On February 13 that year, Tallahassee dropped to −2°F. It remains the only time temperatures have gone below zero anywhere in Florida.

The Great Arctic Outbreak

The cold came from what newspapers called "The Snow King," a high-pressure system that slid down from the Canadian Yukon. Unlike typical cold fronts that weaken as they travel south, this air mass stayed dense and rigid.

When it reached the Panhandle, our humidity worked against us. Snow started falling on February 12th. By morning, about 1.5 inches covered the ground.

The Capitol snowball fight

Snowball fight on the steps of the FL capitol
Snowball fight on the steps of the Florida capitol in 1899

Photos in the Florida State Archives show what happened next. State legislators, clerks, and locals gathered on the Capitol steps for a snowball fight. Government business stopped for a few hours.

A day that never got above freezing

The high that day reached only 22°F. For 24 hours, Tallahassee was colder than Anchorage typically gets.
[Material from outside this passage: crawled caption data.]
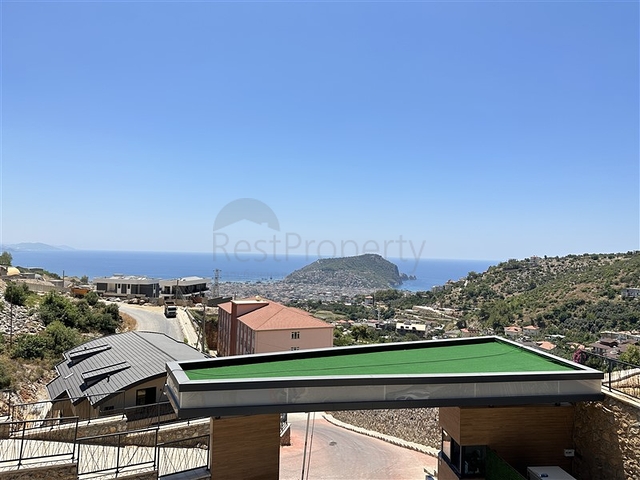 Fünf-Zimmer-Maisonette unter Staatsbürgerschaft mit direktem Blick auf das Meer und die Berge Fünf-Zimmer-Maisonette unter Staatsbürgerschaft mit direktem Blick auf das Meer und die Berge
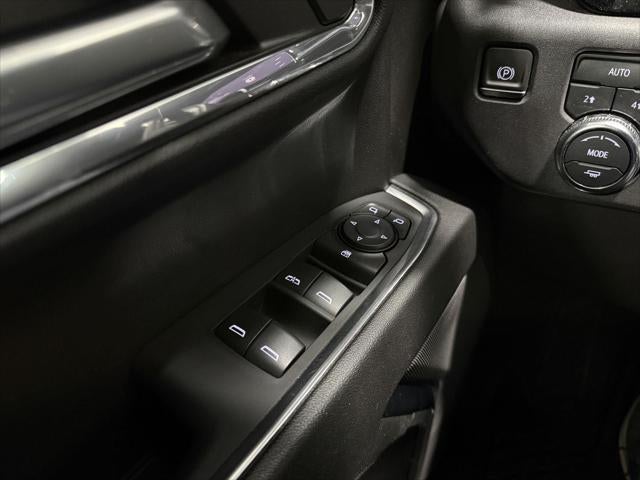 2024 GMC Sierra 1500 4WD Crew Cab Short Box Elevation with 3VL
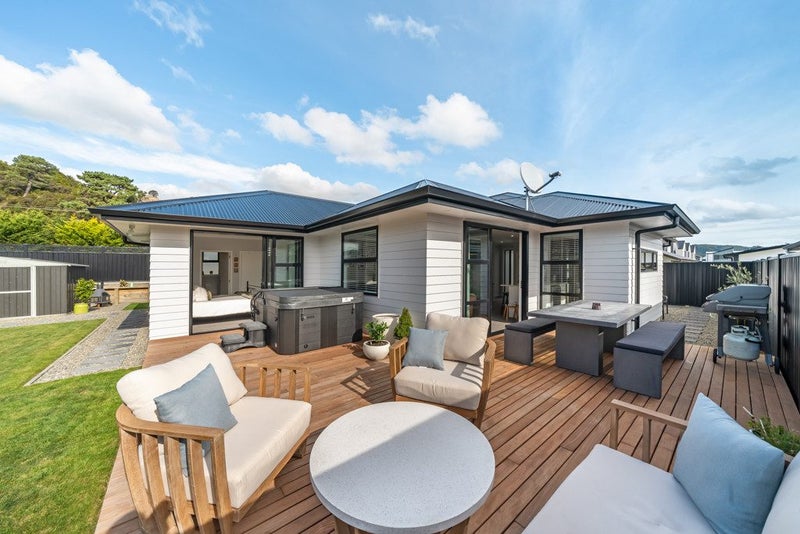 117 Mawai Hakona Drive, Wallaceville, Upper Hutt - Carousel 1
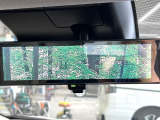 【インテリジェントルームミラー】後席の大きな荷物や同乗者で後方が確認しづらい時でも安心!カメラが撮影した車両後方の映像をルームミラー内に表示。クリアな視界で状況の確認が可能です!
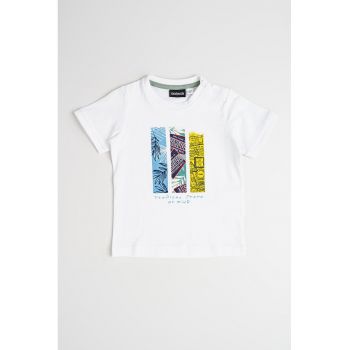 Tricou cu decolteu la baza gatului si imprimeu grafic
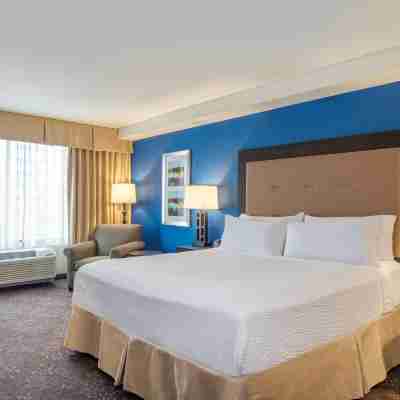 Holiday Inn Terre Haute Rooms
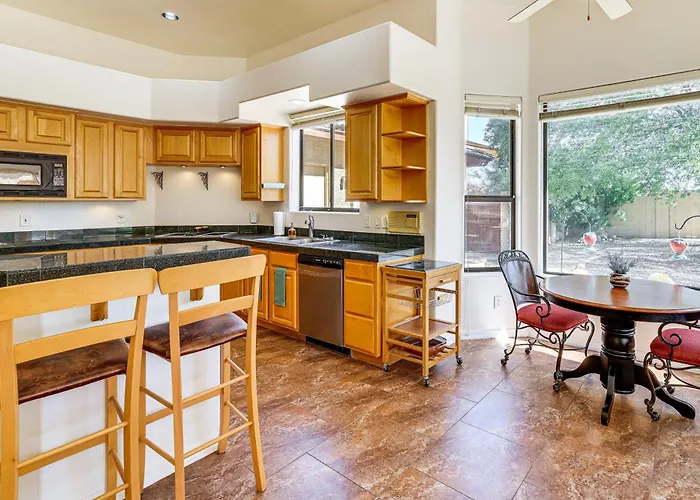 Groups Welcome! W/ Pool + Patio In N *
Period newspaper accounts describe sections of the St. Johns River freezing thick enough to walk on. Firefighters watched water freeze in their hoses. And the freeze killed North Florida's citrus industry. Leon County had orange groves before 1899. The cold froze sap inside the trees, causing trunks to split. Growers moved south to Orlando and Miami, where commercial citrus remains today.

Why so cold here?

Tallahassee sits in a topographical basin. On clear, calm nights, cold air flows downhill and pools in our low spots. In 1899, this combined with a rare air mass to produce the record.

Perspective

We worry about our hibiscus when forecasts hit 25°F. In 1899, people were skating on ponds and watching the local economy collapse. So if you're wrapping pipes this week, at least nobody's throwing snowballs at you in subzero weather.